_Extracted material_:
========

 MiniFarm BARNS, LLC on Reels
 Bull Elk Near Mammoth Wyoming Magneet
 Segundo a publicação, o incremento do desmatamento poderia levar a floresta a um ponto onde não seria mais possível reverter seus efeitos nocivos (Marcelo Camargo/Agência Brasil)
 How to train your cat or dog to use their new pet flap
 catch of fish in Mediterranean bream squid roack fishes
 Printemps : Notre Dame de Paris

========

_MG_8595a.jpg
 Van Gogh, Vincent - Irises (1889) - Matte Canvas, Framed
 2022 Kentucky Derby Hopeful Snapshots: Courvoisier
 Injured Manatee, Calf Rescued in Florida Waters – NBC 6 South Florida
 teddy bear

========

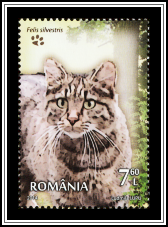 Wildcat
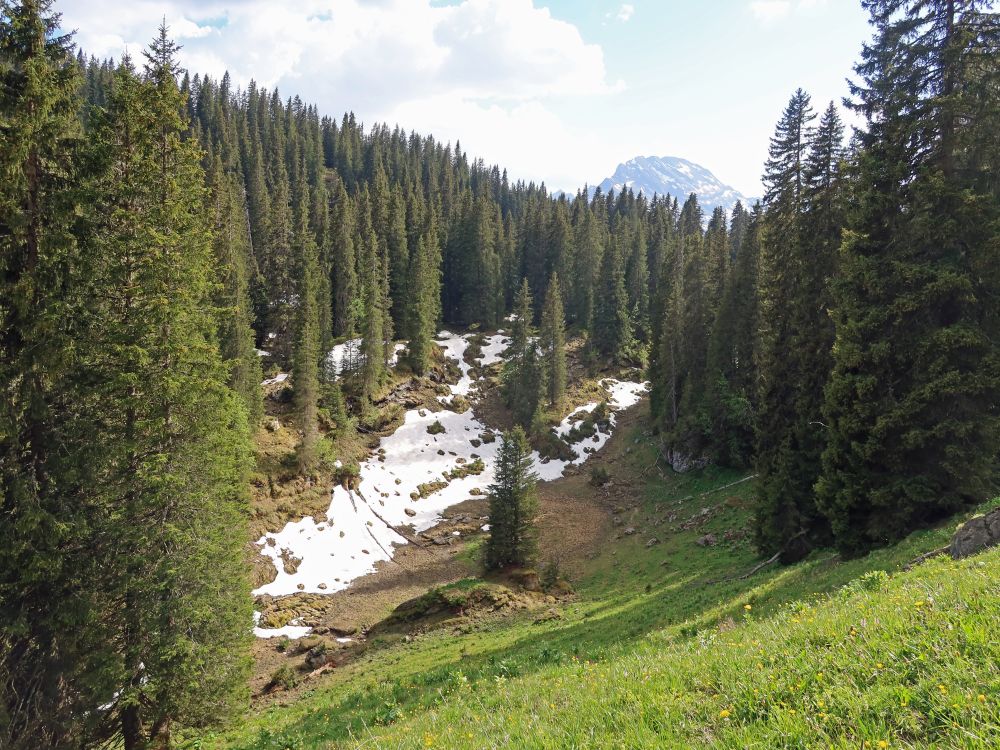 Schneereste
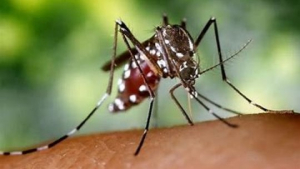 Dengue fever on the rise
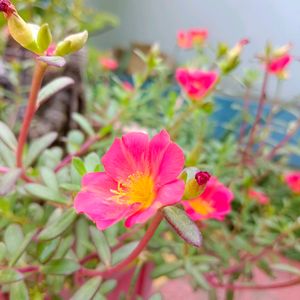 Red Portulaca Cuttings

========

_Aim of the exercise_:
Using the listing above, return word for word each line from the one that has "MiniFarm BARNS, LLC on Reels" through the one that has "How to train", and no line outside that range.

_Completed task_:
 MiniFarm BARNS, LLC on Reels
 Bull Elk Near Mammoth Wyoming Magneet
 Segundo a publicação, o incremento do desmatamento poderia levar a floresta a um ponto onde não seria mais possível reverter seus efeitos nocivos (Marcelo Camargo/Agência Brasil)
 How to train your cat or dog to use their new pet flap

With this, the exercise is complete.